Task item:
Records follow. Print exactly the lines from the one that has "A la quinta va la vencida" through the one that has "Tüvit Etek X", inclusive, and omit the pictures.

Data for processing:
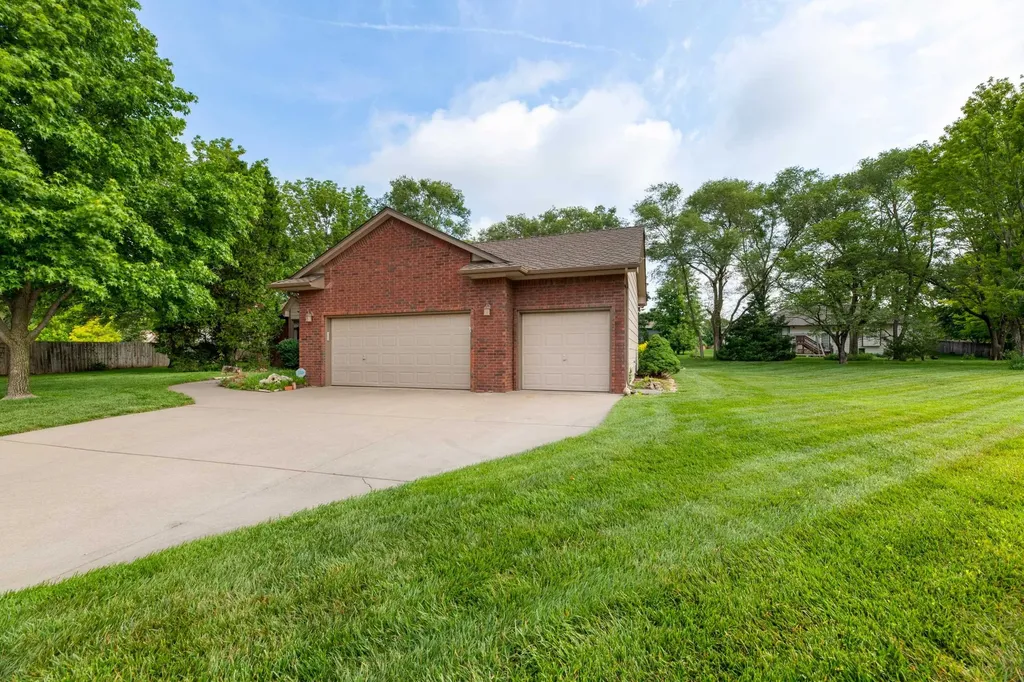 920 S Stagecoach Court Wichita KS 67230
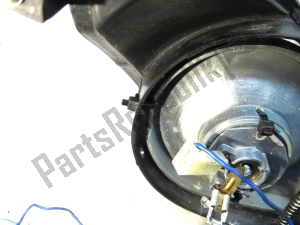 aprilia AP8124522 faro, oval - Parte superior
---
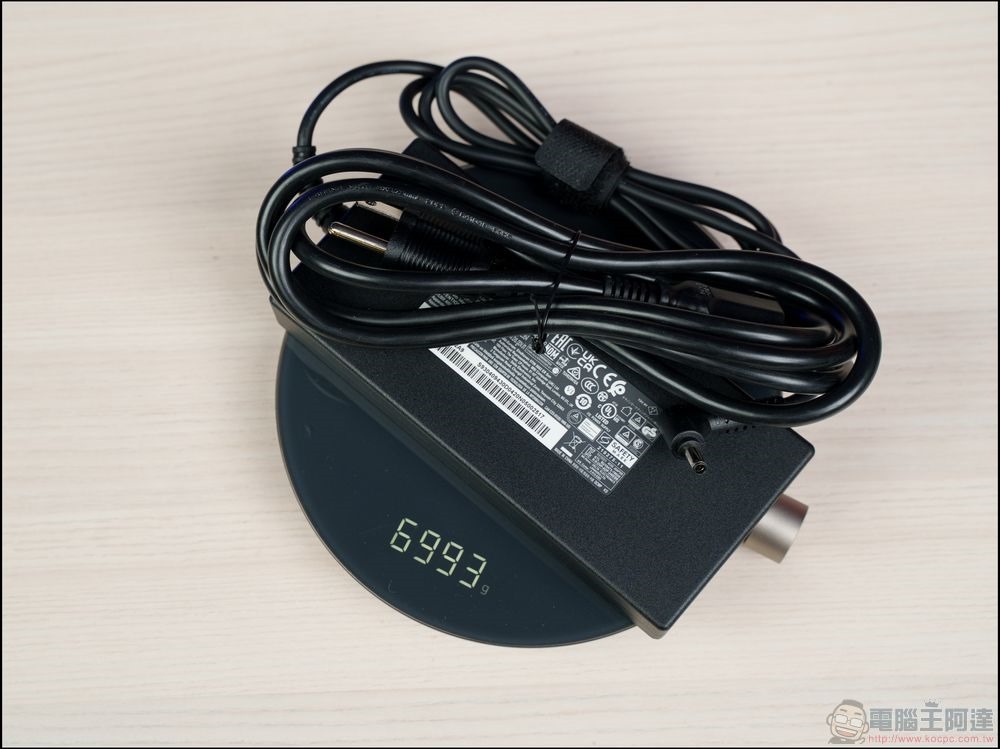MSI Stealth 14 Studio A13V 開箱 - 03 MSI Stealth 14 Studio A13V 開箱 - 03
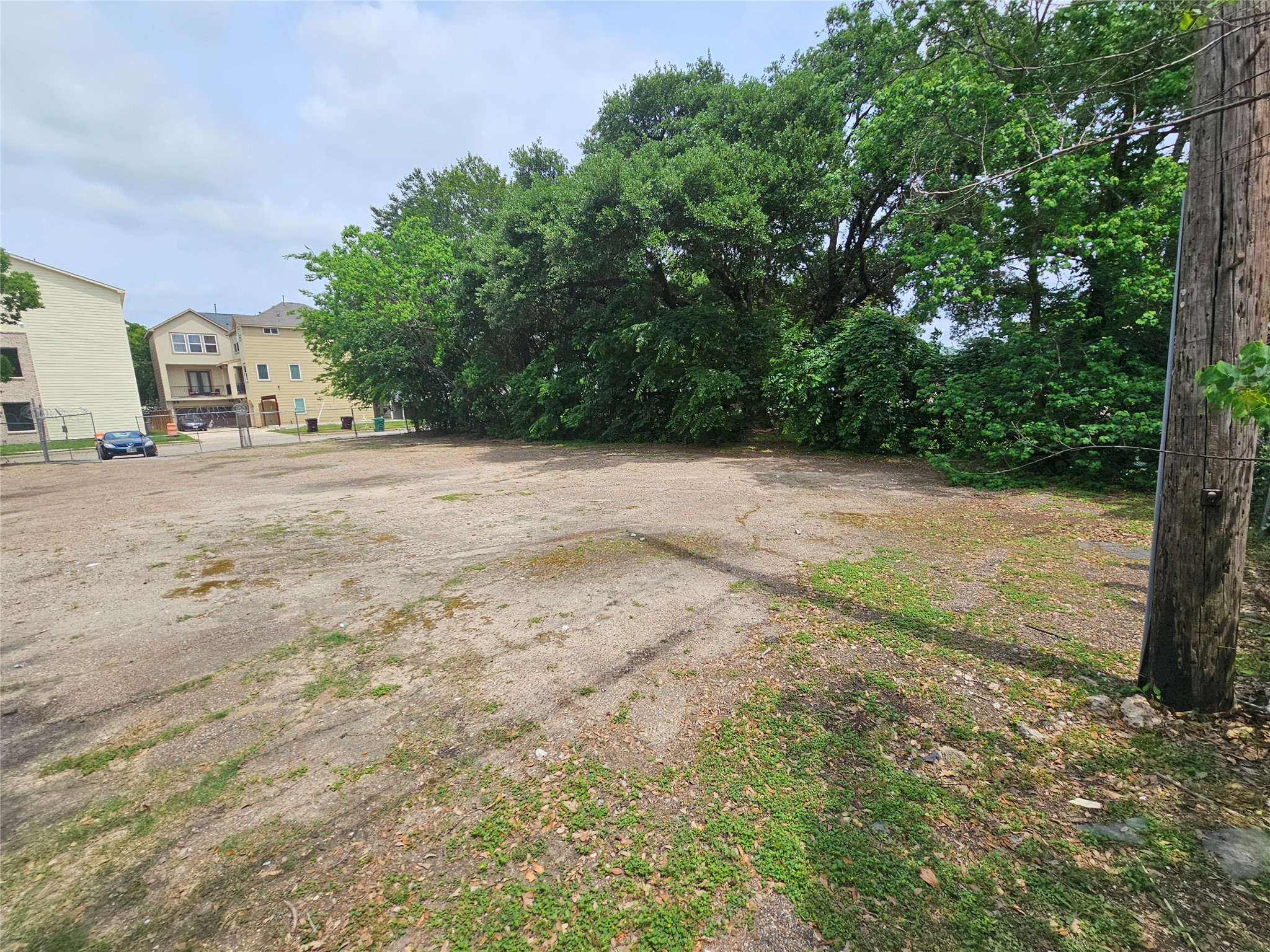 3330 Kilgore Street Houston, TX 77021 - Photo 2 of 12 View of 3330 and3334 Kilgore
* * *
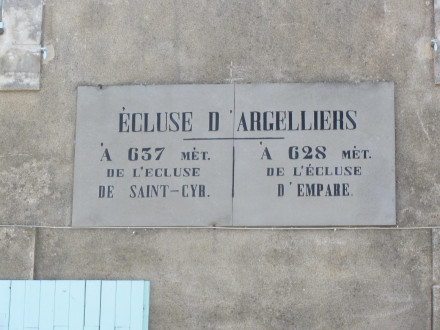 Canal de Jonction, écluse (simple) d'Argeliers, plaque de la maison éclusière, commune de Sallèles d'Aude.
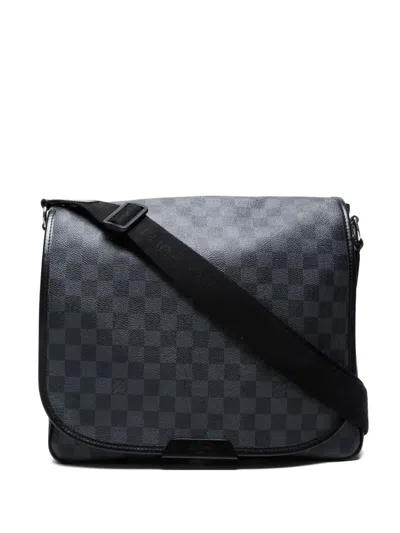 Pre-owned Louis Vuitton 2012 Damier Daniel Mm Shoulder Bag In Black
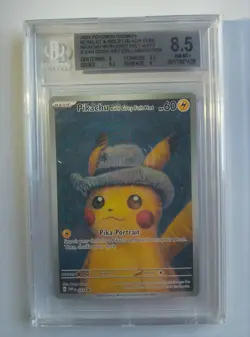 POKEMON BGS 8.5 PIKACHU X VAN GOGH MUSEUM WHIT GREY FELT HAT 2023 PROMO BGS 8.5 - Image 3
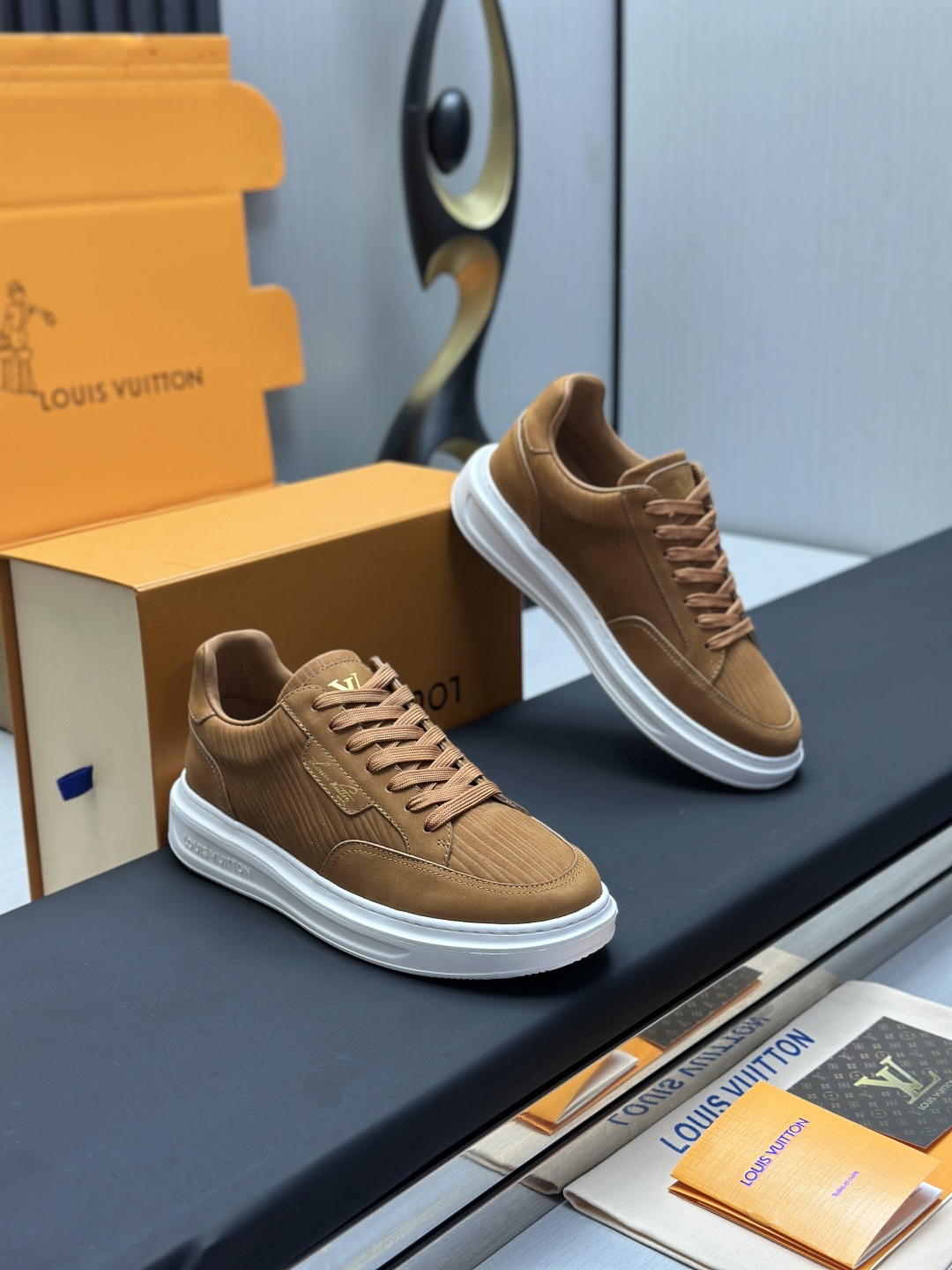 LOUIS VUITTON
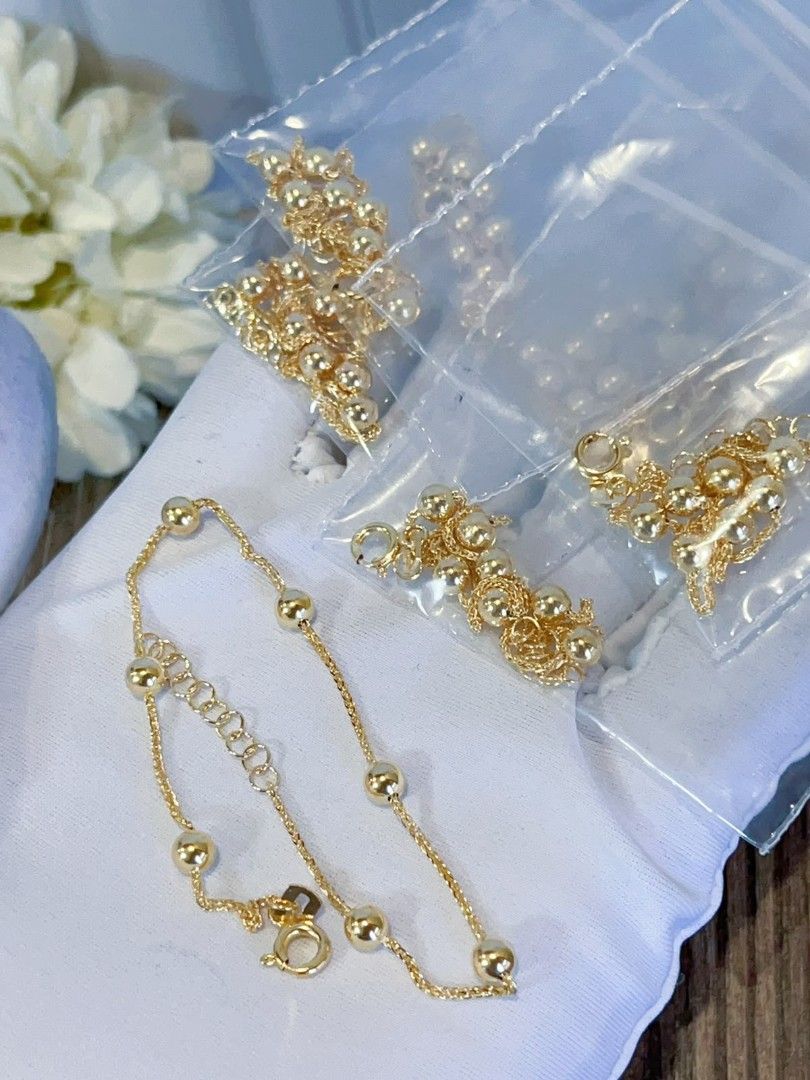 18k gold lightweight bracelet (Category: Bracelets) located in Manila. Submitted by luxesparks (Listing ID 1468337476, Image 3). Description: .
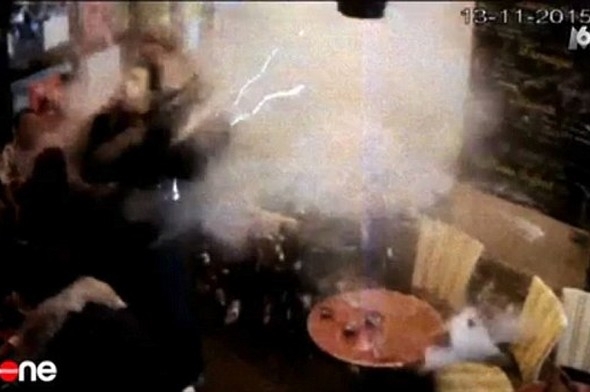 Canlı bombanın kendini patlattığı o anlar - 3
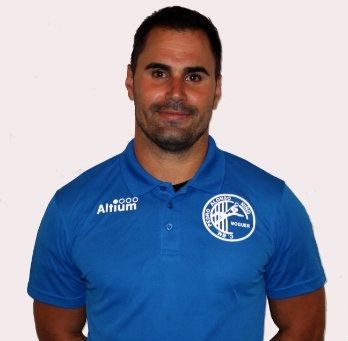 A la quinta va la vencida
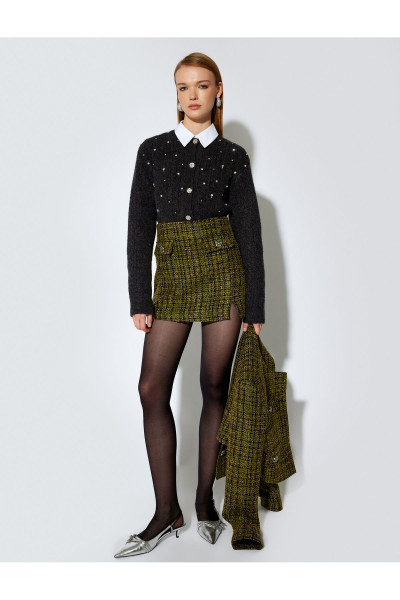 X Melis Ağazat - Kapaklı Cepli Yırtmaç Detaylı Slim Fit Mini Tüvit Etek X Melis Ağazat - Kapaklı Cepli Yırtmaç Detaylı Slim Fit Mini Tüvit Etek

Final answer:
 A la quinta va la vencida
 X Melis Ağazat - Kapaklı Cepli Yırtmaç Detaylı Slim Fit Mini Tüvit Etek X Melis Ağazat - Kapaklı Cepli Yırtmaç Detaylı Slim Fit Mini Tüvit Etek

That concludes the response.